= WORK INSTRUCTION =
Return, word for word, only the lines from the one containing "4 bedrooms Apartment" through the last line of the entries.

(Scraped caption text data)
◆ ◆ ◆ ◆
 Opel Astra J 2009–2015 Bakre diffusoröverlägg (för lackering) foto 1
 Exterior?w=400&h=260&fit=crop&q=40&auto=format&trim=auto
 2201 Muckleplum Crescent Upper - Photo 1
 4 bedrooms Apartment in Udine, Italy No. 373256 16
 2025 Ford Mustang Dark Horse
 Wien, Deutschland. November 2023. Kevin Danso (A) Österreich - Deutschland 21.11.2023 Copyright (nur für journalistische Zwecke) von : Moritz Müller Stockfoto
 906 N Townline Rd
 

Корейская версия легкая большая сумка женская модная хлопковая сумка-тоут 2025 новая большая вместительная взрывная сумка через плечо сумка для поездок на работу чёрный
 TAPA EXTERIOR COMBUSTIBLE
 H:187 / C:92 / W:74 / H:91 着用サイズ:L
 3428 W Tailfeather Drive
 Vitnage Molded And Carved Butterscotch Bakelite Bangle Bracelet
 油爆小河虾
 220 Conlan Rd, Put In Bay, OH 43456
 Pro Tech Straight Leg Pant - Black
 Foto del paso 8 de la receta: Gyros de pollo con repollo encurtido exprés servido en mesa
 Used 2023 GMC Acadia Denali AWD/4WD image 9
◆ ◆ ◆ ◆
= FINISHED TASK =
 4 bedrooms Apartment in Udine, Italy No. 373256 16
 2025 Ford Mustang Dark Horse
 Wien, Deutschland. November 2023. Kevin Danso (A) Österreich - Deutschland 21.11.2023 Copyright (nur für journalistische Zwecke) von : Moritz Müller Stockfoto
 906 N Townline Rd
 

Корейская версия легкая большая сумка женская модная хлопковая сумка-тоут 2025 новая большая вместительная взрывная сумка через плечо сумка для поездок на работу чёрный
 TAPA EXTERIOR COMBUSTIBLE
 H:187 / C:92 / W:74 / H:91 着用サイズ:L
 3428 W Tailfeather Drive
 Vitnage Molded And Carved Butterscotch Bakelite Bangle Bracelet
 油爆小河虾
 220 Conlan Rd, Put In Bay, OH 43456
 Pro Tech Straight Leg Pant - Black
 Foto del paso 8 de la receta: Gyros de pollo con repollo encurtido exprés servido en mesa
 Used 2023 GMC Acadia Denali AWD/4WD image 9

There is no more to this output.